Your task = Give back the data exactly, with no images.

*** Opening of Task data ***

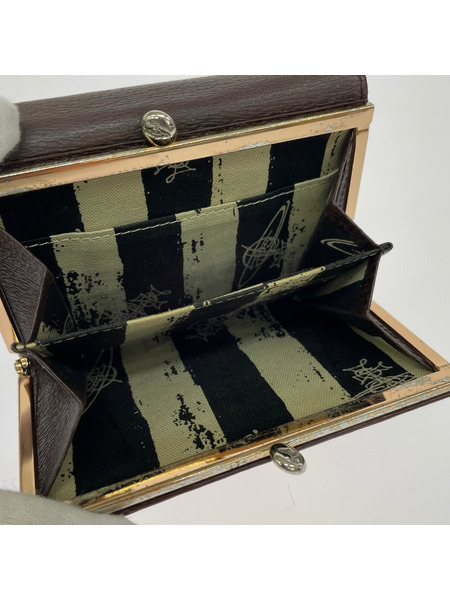 Vivienne Westwood コンパクトウォレット 茶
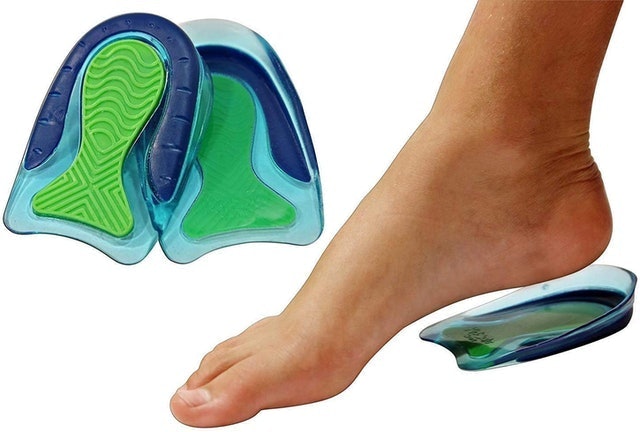 Sport Traction Shock Absorbing Lightweight Gel Heel Cups 1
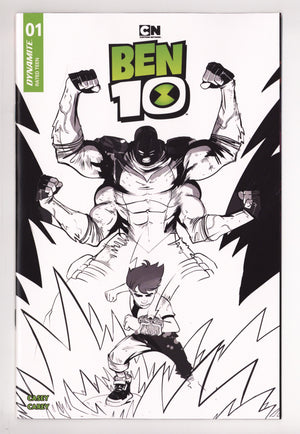 Ben 10 1 Píriz B&W Incentive (2026)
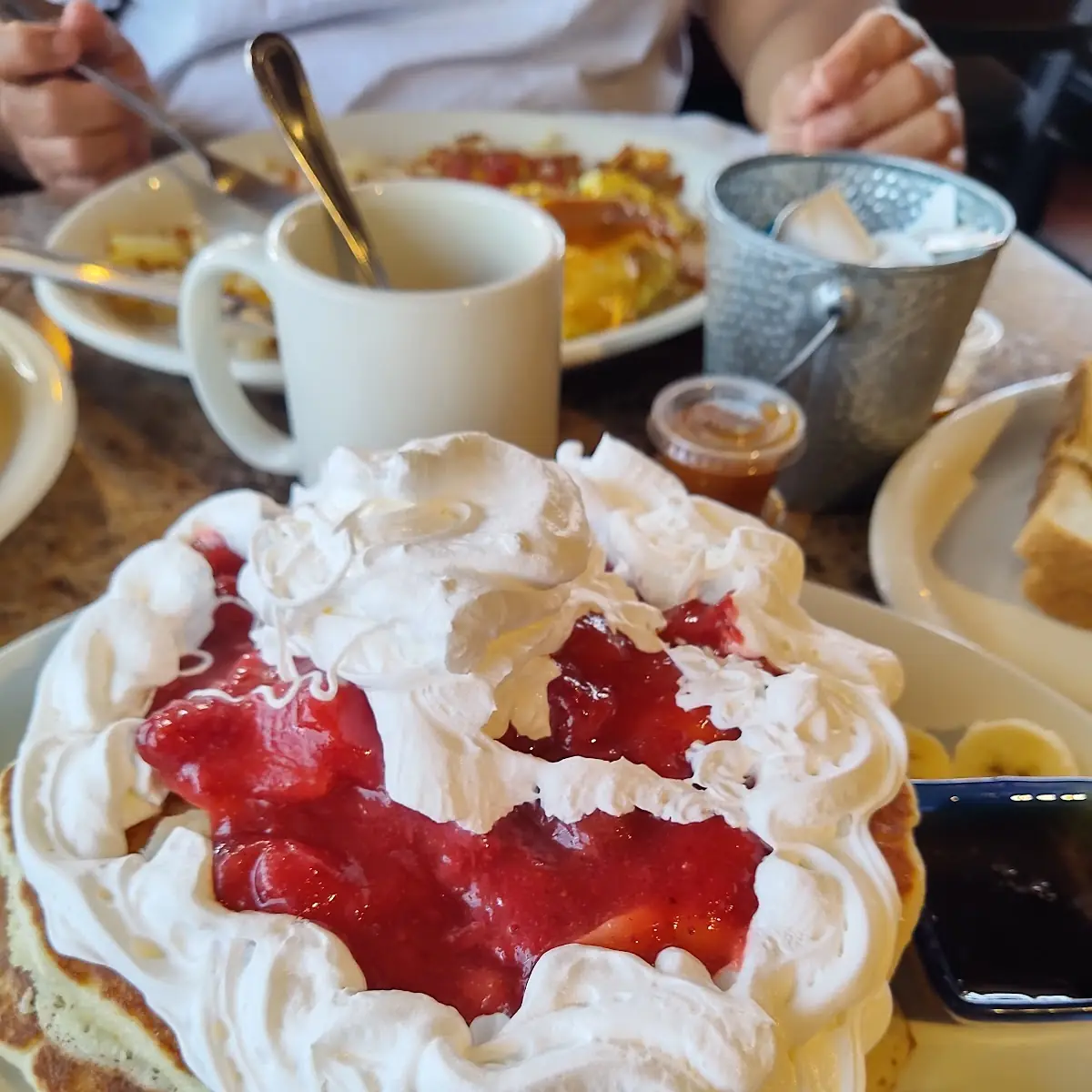 Strawberry Pancakes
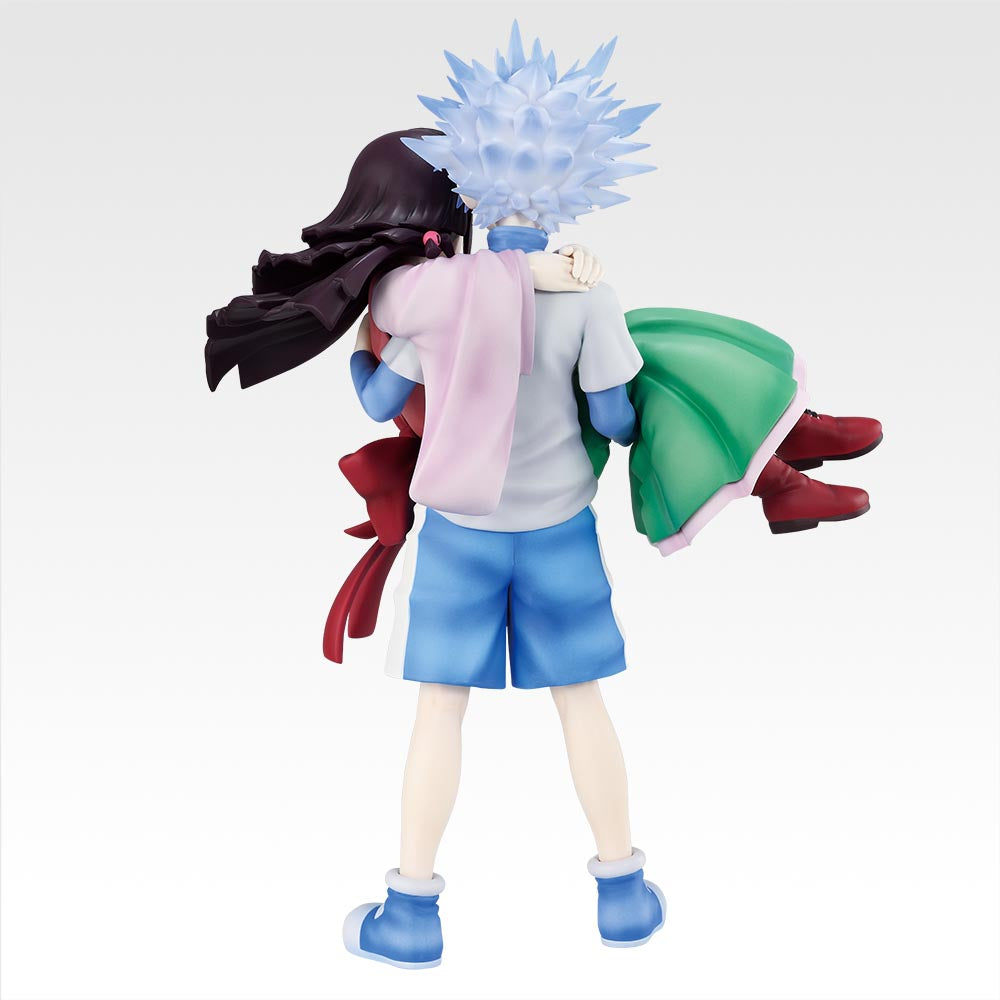 HUNTER×HUNTER - Cross the "X-Day"- Killua & Nanika - MASTERLISE PLUS [Ichiban-Kuji Prize A]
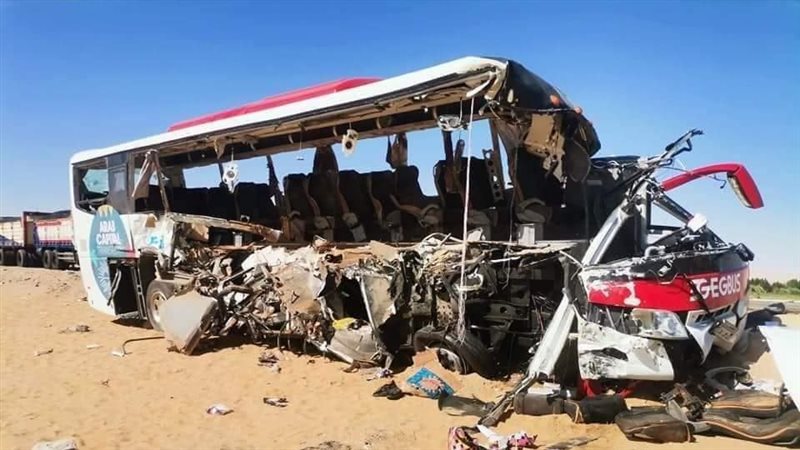 حادث الوادي الجديد 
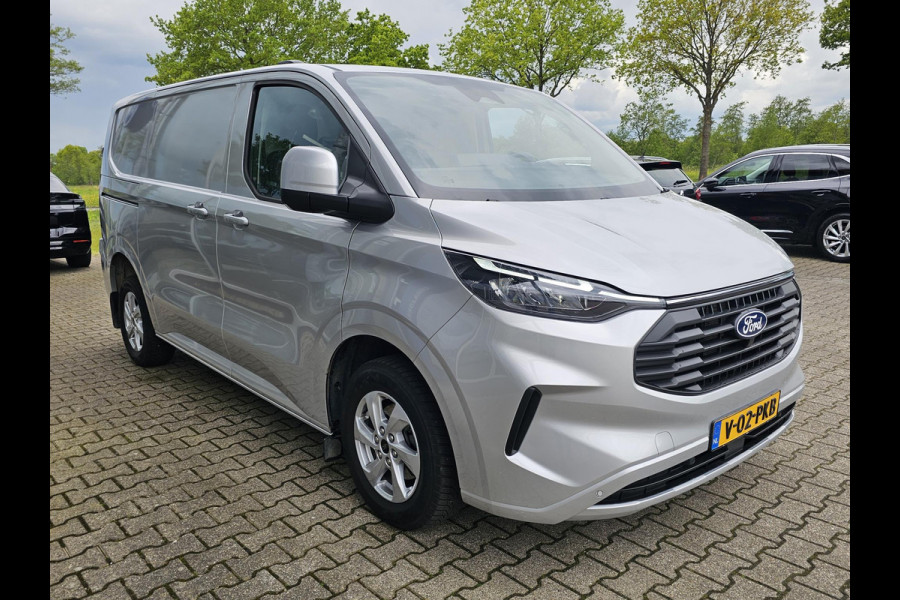 Ford Transit Custom 300 2.0 TDCI L1H1 Limited 170 pk Automaat | Camera | Stoelverwarming | Climate control | Bijrijdersbank | PDC v+a | Virtual cockpit etc.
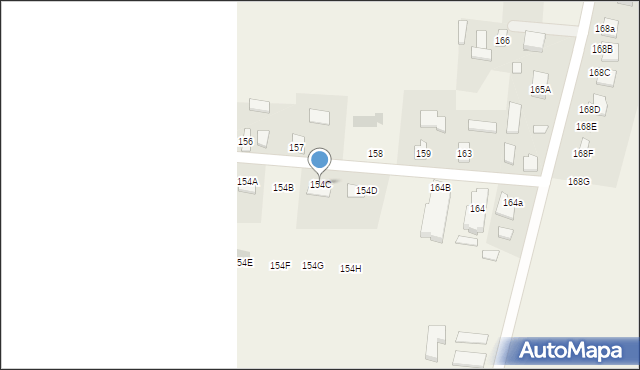 Stubno, Stubno, 154C, mapa Stubno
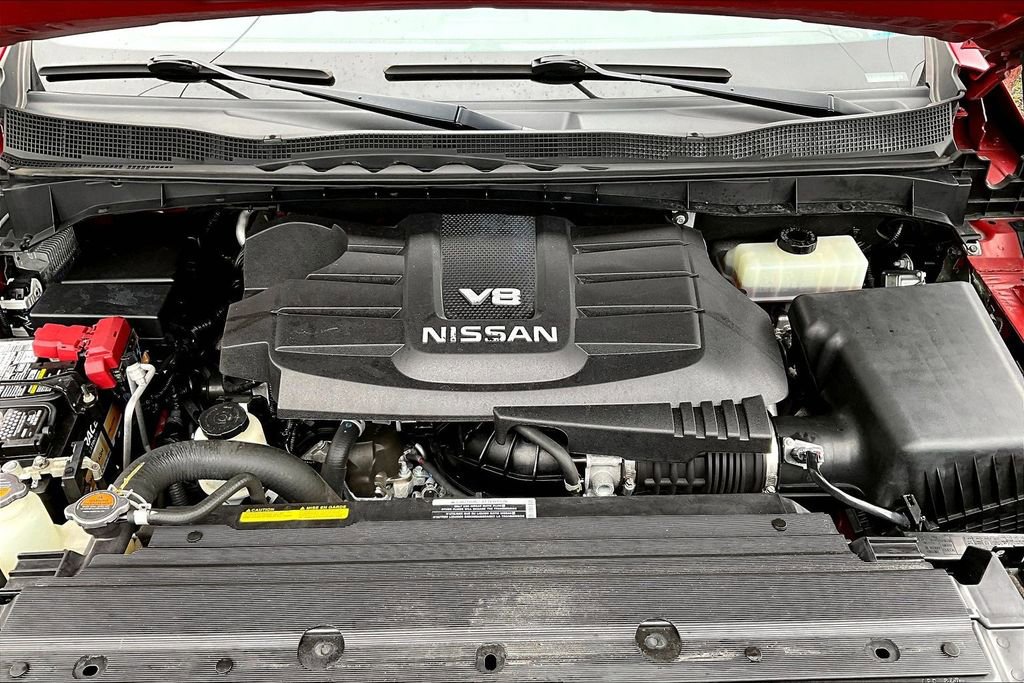 Used 2020 Nissan Titan SV w/ SV Convenience Package image 29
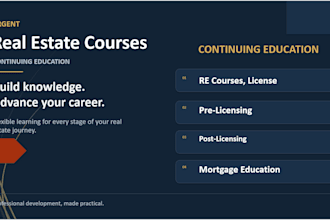 do ce shop, real estate license, real estate courses and continuing education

*** Close of Task data ***

Your solution =
 Vivienne Westwood コンパクトウォレット 茶
 Sport Traction Shock Absorbing Lightweight Gel Heel Cups 1
 Ben 10 1 Píriz B&W Incentive (2026)
 Strawberry Pancakes
 HUNTER×HUNTER - Cross the "X-Day"- Killua & Nanika - MASTERLISE PLUS [Ichiban-Kuji Prize A]
 حادث الوادي الجديد 
 Ford Transit Custom 300 2.0 TDCI L1H1 Limited 170 pk Automaat | Camera | Stoelverwarming | Climate control | Bijrijdersbank | PDC v+a | Virtual cockpit etc.
 Stubno, Stubno, 154C, mapa Stubno
 Used 2020 Nissan Titan SV w/ SV Convenience Package image 29
 do ce shop, real estate license, real estate courses and continuing education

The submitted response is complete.